### What is required
Copy the data exactly from the line that contains "WWE WWE Undertaker" through the line that contains "Danielle Matte Brown", keeping both end lines and leaving out everything else.

### Records
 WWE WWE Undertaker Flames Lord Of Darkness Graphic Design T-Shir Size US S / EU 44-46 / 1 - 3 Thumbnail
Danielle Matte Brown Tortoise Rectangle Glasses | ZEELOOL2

--

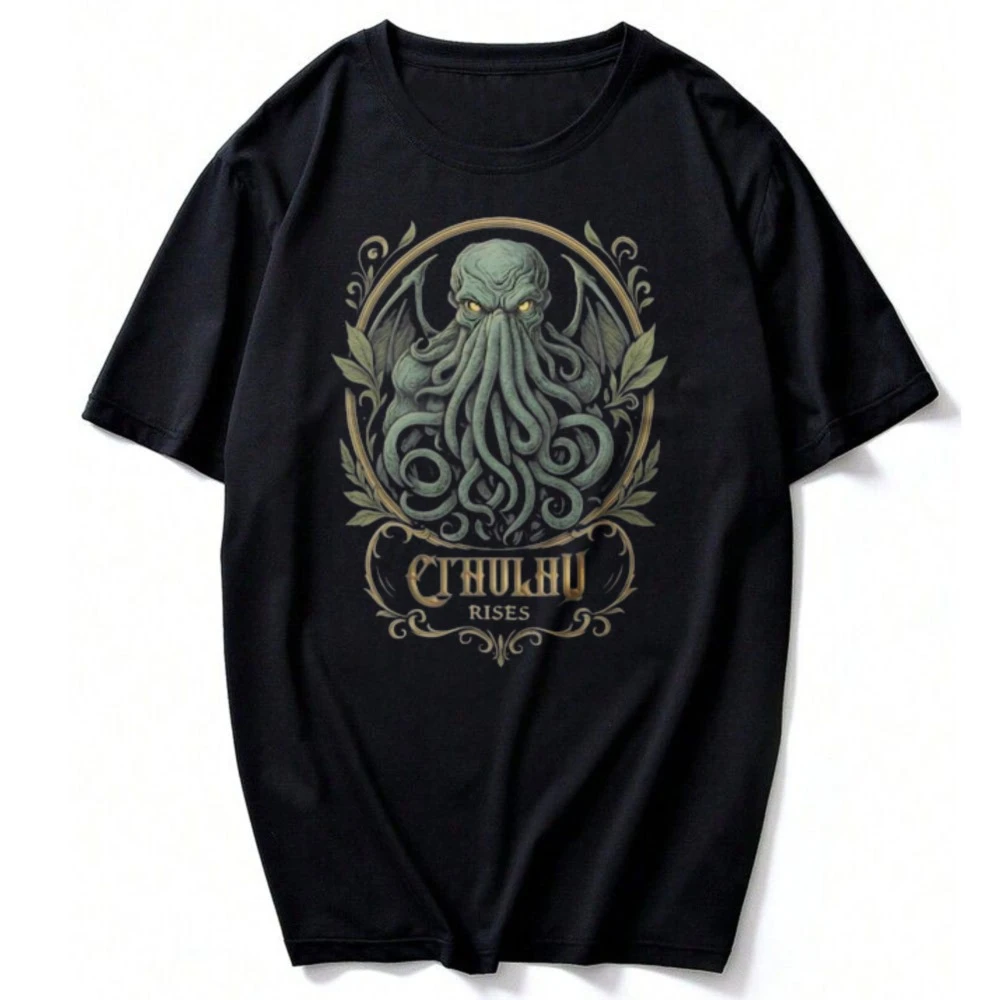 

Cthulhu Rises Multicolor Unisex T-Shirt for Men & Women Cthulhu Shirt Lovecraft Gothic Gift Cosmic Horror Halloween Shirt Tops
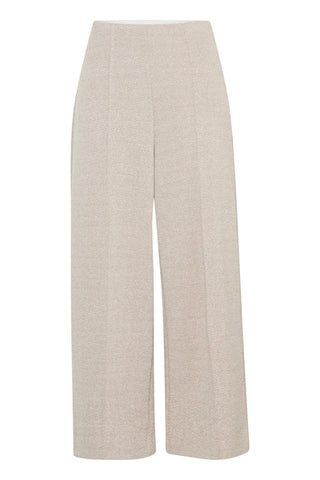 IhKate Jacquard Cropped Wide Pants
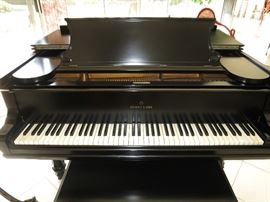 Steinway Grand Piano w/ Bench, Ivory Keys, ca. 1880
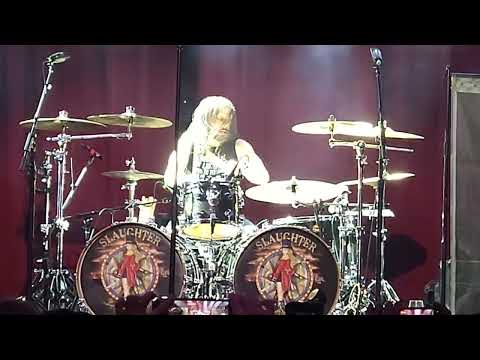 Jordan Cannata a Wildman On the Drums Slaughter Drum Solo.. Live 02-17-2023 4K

### Result for this task
 WWE WWE Undertaker Flames Lord Of Darkness Graphic Design T-Shir Size US S / EU 44-46 / 1 - 3 Thumbnail
Danielle Matte Brown Tortoise Rectangle Glasses | ZEELOOL2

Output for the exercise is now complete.